Eight years after bringing down the curtain on the storied career of Bombay’s Inspector Ghote (Breaking and Entering, 2001, etc.), Keating raises it once more for a prequel.
Hours after learning on March 15, 1960, of his promotion from Assistant Inspector to the dizzying heights of the Detection of Crime Branch, Ganesh Ghote is snatched from the side of his loyal wife Protima, pregnant with their first child, whom he’d planned to take to a screening of the Laurence Olivier Hamlet. The Bombay police commissioner is troubled by a letter from his former friend Robert Dawkins, a retired civil engineer expressing bewilderment that his pregnant wife Iris should have committed suicide. Protima will not only miss Hamlet but will be deprived of her husband’s support while he’s off in Mahableshwar condoling with the irascible widower; asking questions of his closemouthed servants; and fencing with Inspector Pathan Barrani, whose nickname when he was Ghote’s schoolfellow was Bullybhoy. Most readers will be well ahead of Ghote in identifying the motive for Iris’s death.

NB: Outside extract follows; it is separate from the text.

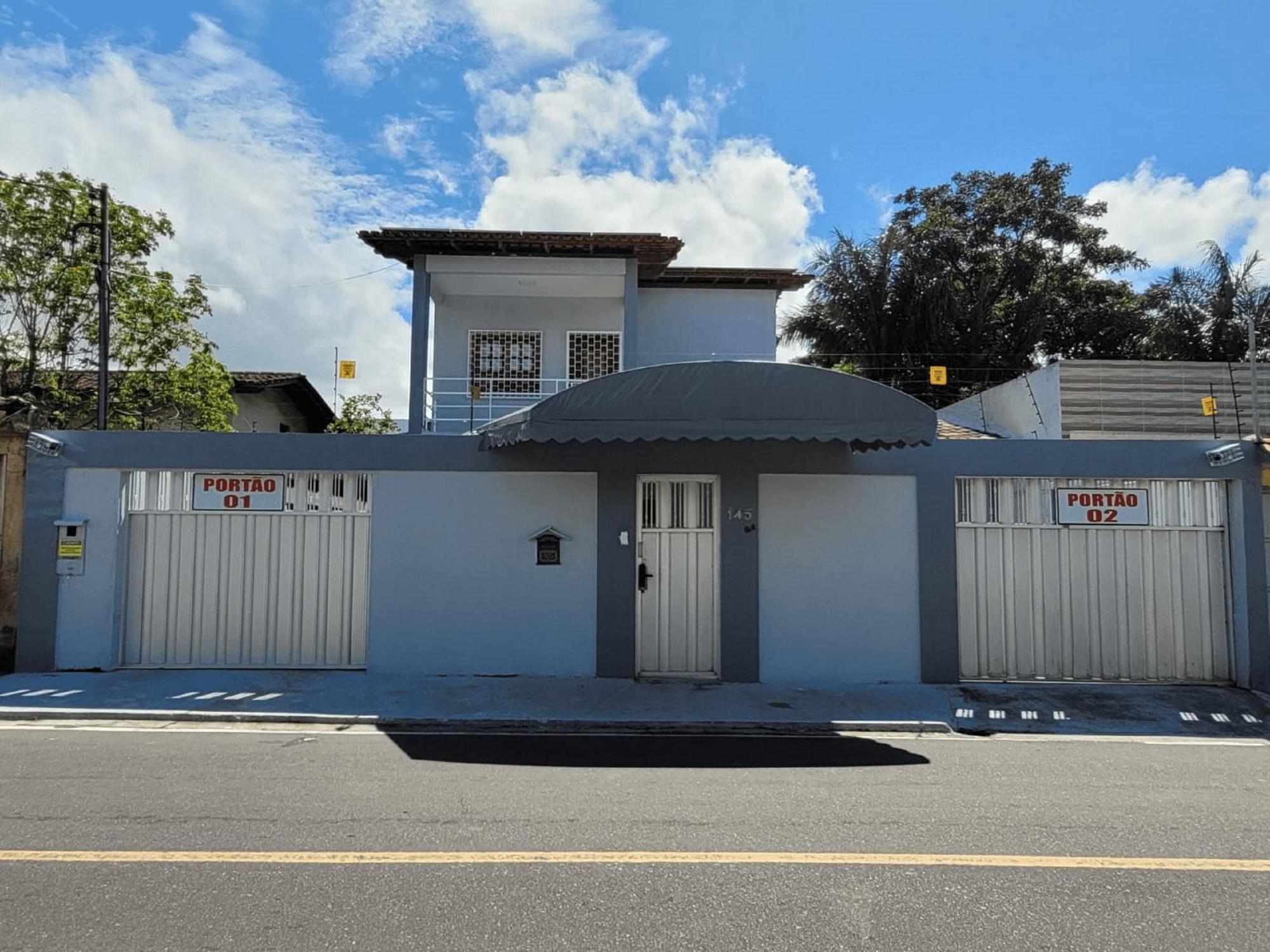 Hotel Residencial Manaus - Flores מראה חיצוני תמונה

But few of them will match him for sensitivity, kindness, consideration and simple humanity as his attentiveness to echoes of Hamlet leads him to the mystery’s solution.
“Why, oh why, is it hard so often to decide what to do?” laments Ghote once he’s in possession of the facts. Despite Protima’s complaints, his indecision stems only from a delicacy that was evidently in full flower during his very first case.